In Bangladesh, the apparel manufacturing business subcontracted by western companies has reached $31 billion and become the country's main income source through foreign trade. This business is driven by extremely low labor costs; for example, the minimum wage for garment factory workers is $95 per month (less than 10,000 yen). Bangladesh undertakes manufacturing for various apparel brands by selling its cheap labor. Maintaining the low cost to attract business is prioritized over everything else – including occupational safety. This is evidenced by the endless factory incidents which have killed more than 100 people, even after the occupational health surveillance agency was introduced post-Rana Plaza incident.

Some say that if consumer attitude changes, the situation could change as well. They argue that we should shift from the so-called fast fashion (mass-production of disposable clothing) to one-of-a-kind craftsmanship and recycled clothing. The latter is certainly more sustainable in terms of resource consumption, and in the long run, there will be more consumers who would enjoy expressing their own style without following any brand. However, improving the working environment of these factory workers is the more imperative issue right now.

If you can buy what you want at a low price, this is simply because someone else produces it at low wages. Isn't this how capitalism has always worked? At the national level, however, there’s a way to improve the system. One way is to raise taxes imposed on factory managers and apparel companies who have long been exploiting the Bangladeshi laborers, and then investing the collected money to improve the labor environment. Exposing workers to a dangerous work environment is a form of enslavement. Legal frameworks can also be improved by expanding the scope of prohibited imports, that is, by banning not only the products manufactured by prisoners and forced labor but also products that do not meet certain labor standards.

Some may argue that even though safety is important, imprudent investments in facility and wages may cause inflation and halt economic growth. Well, we would like to note that raising wages is not the only approach to improve a worker’s environment. The experience of Japan's textile industry in the 1960s is a good example.

The 1960s was the robust period of post-war reconstruction and rapid economic growth in Japan, but the wage standard was considerably lower compared to the US and other countries. Japan thus attracted foreign businesses with its cheap labor; for example, blouses were exported in large quantities and sold for one US dollar each. The exchange rate at that time was fixed to 360 yen per US dollar, meaning that Japanese yen was depreciated, which boosted Japan’s export industry.

Were there complaints among factory workers who were hired at low wages? It is unlikely that there was none. However, it is also true that many business owners in Japan worked hard to improve work conditions other than wages. They offered company housing and established corporate sports clubs in an effort to improve not just the workplace, but the work environment in totality. Of course, it was a costly investment, but these business owners believed that a good company would attract good employees, and that it may even be deemed economical in a long run if the value of good reputation (borne by the good performance of good employees) were  converted to advertising costs. This is the exact opposite of the Bangladeshi managers’ approach.

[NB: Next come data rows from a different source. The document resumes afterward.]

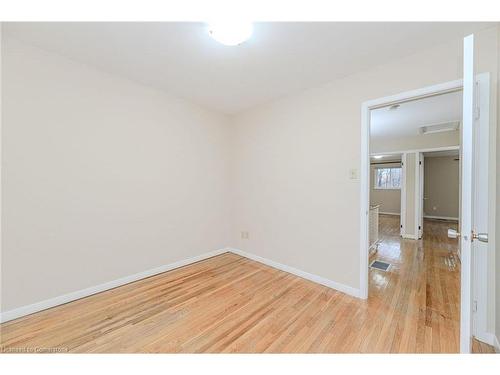 5479 Schueller Crescent, Burlington, ON - Indoor Photo Showing Other Room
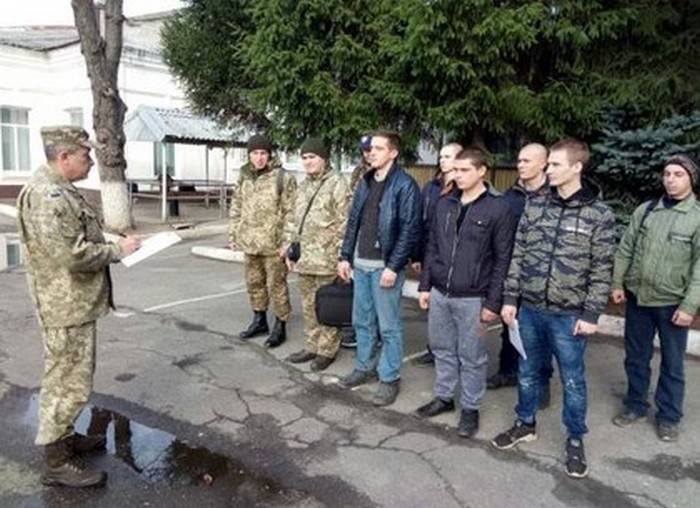 На Україні відбувся другий призов офіцерів запасу, які закінчили військові кафедри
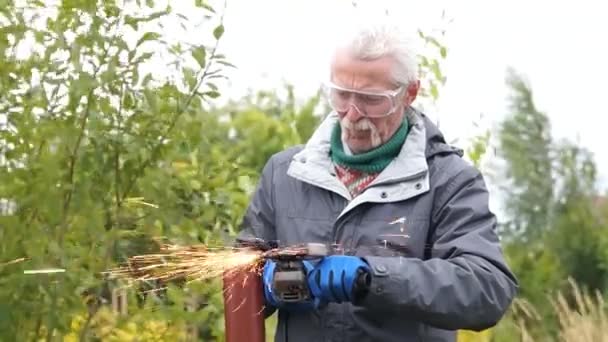 Arbeiter schneidet ein Metallrohr — Stockvideo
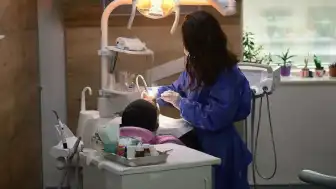 Diş Hekimlerinden Uzmanlık Unvanı Düzenlemesine Tepki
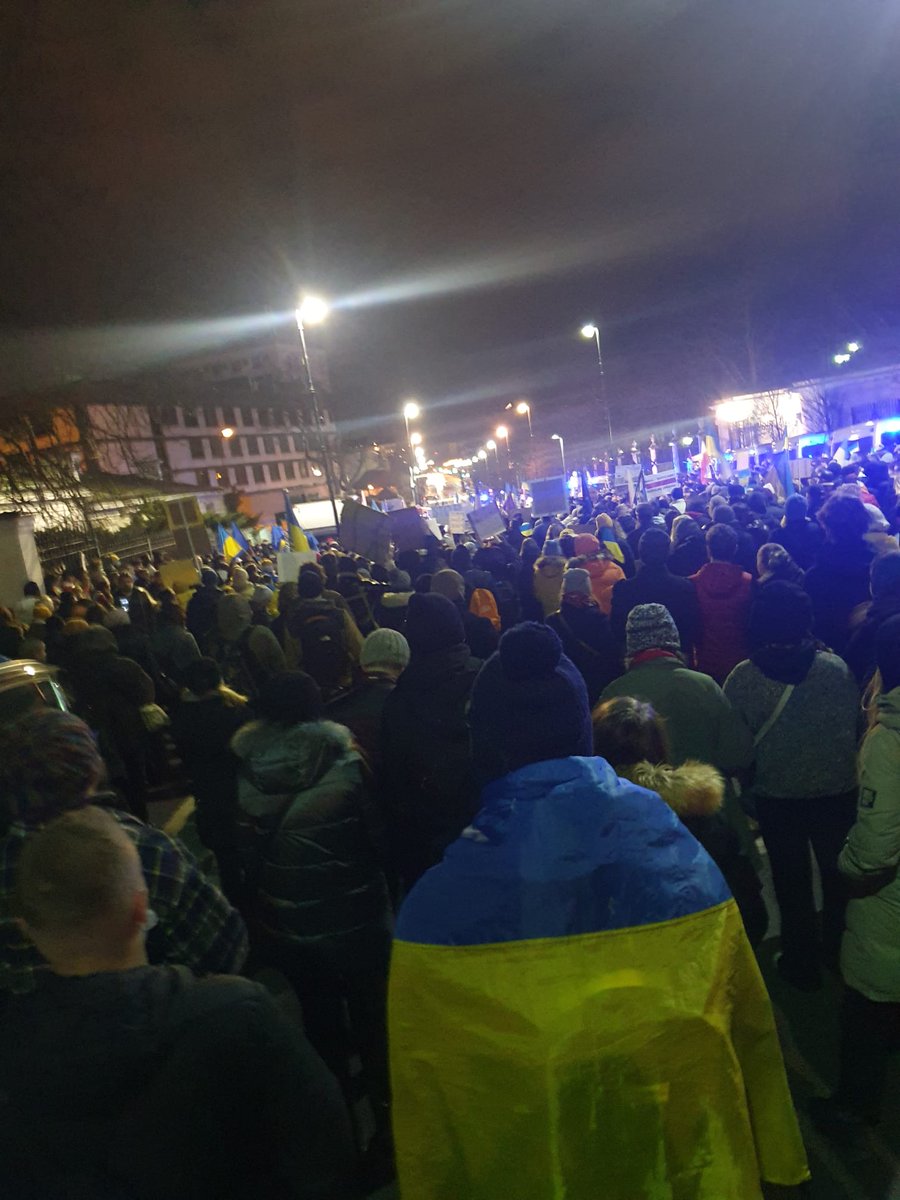 Jesteśmy przed ambasadą barbarzyńcy, żeby przypomnieć, że wolna #Ukraina to wolna Europa!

In fact, apart from accidents such as coal mine crashes or railway accidents, no large-scale occupational accident was recorded in Japan during that time. Many have pointed out that the underlying philosophy that exists since the samurai era played a role in shaping the unique management philosophy in Japan, in which managers consider their employees as corporate family members.

It is not possible nor appropriate to imitate a country’s experience because each country has its own history and culture, but it is certainly valuable to learn from another country’s experiences in order to build one’s own rules. In addition, everything crosses borders nowadays: people, goods, funds, and information. Labor values can, and should, also become borderless.